The transaction is subject to various conditions, including approval by Fonterra’s farmer shareholders, the separation of the divested businesses from the Co-op, and necessary regulatory approvals in several jurisdictions. A Special Meeting to vote on the sale will be held later this year.
The sale includes Fonterra’s global Consumer business (excluding Greater China) and its Consumer brands, along with its integrated Foodservice and Ingredients businesses in Oceania, Sri Lanka, the Middle East, and Africa.
The transaction is anticipated to close by the first half of 2026.
Dairy supplies
As part of the deal, Fonterra will continue supplying milk and dairy ingredients to Lactalis, ensuring that its dairy brands such as Anchor and Mainland still feature New Zealand farmers’ milk.
Lactalis will now become one of Fonterra’s key ingredients customers, further solidifying the Co-op’s place in the global dairy supply chain.

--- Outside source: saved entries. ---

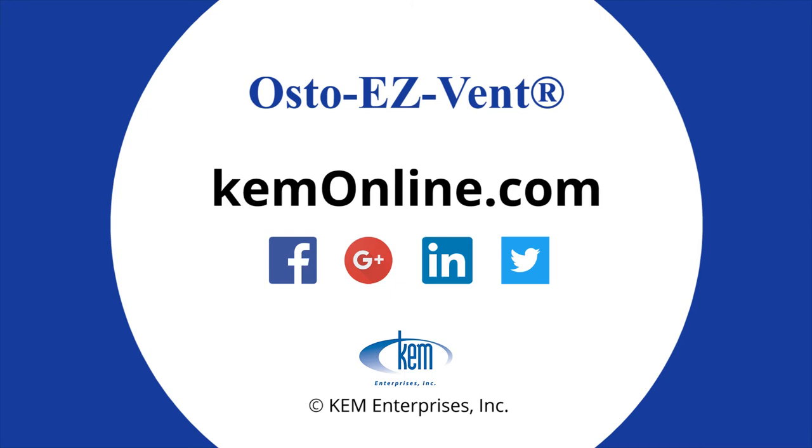For more information on the Osteo Easy Vent, including where to buy and other helpful links, explore our website at KEMonline.com. You can also follow us across social media for the latest KEM news, Osteo Easy Vent availability updates, and which conferences and exhibitions we'll be bringing the Osteo Easy Vent to. Feel free to leave a comment or pose a question to us.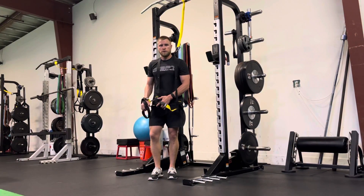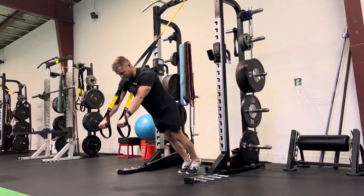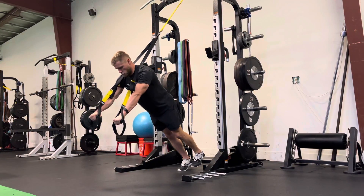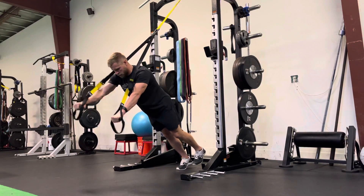For our one-length TRX flutters, we're going to start in that plank position, picking one leg slightly off the ground, keeping a nice straight line, head down to heel. We're going to alternate reaching with each arm, trying to keep a nice stable trunk position as you reach.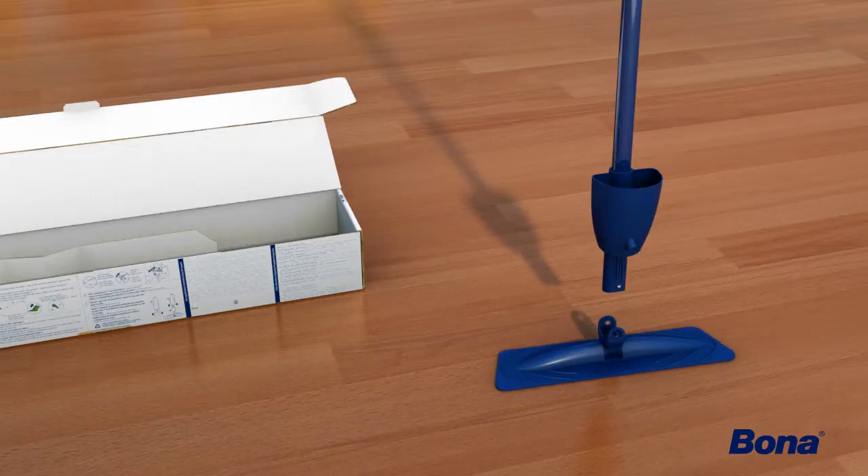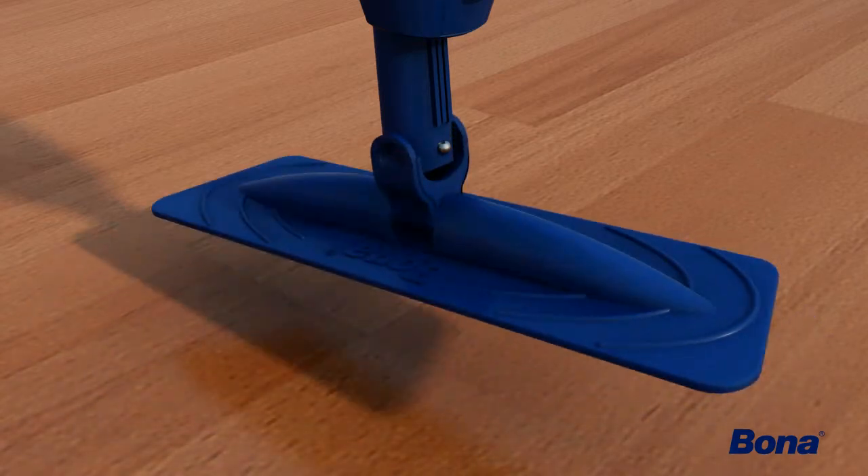Attach the mop base to the bottom of the pole by aligning the channel and rotating the pole until the silver button snaps into place.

Fonterra Chairman Peter McBride says: “After a highly competitive sale process with multiple interested parties, we are confident that a sale to Lactalis provides the highest value for the Co-op. The sale also allows for faster capital return to Fonterra’s shareholders than an IPO would.”
Lactalis CEO Emmanuel Besnier adds: “This acquisition will strengthen our strategic footprint across Oceania, Southeast Asia, and the Middle East. By combining Fonterra’s market-leading brands with our existing network in these regions, Lactalis will be able to accelerate its growth and enhance its position in key global markets.”
Fonterra’s decision to pursue this divestment is rooted in a thorough strategic review, which confirmed that the Co-op’s future value creation is best driven by its Ingredients and Foodservice businesses. CEO Miles Hurrell says: “By focusing on our core strengths in Ingredients and Foodservice, we can continue to deliver value for our farmer shareholders, with the goal of driving an average Return on Capital of 10-12%.”
Fonterra’s earnings guidance for FY25 remains unchanged, with an expected earnings range of 65-75 cents per share. The Co-op will announce FY26 earnings guidance following the completion of its FY25 Annual Results in September 2025.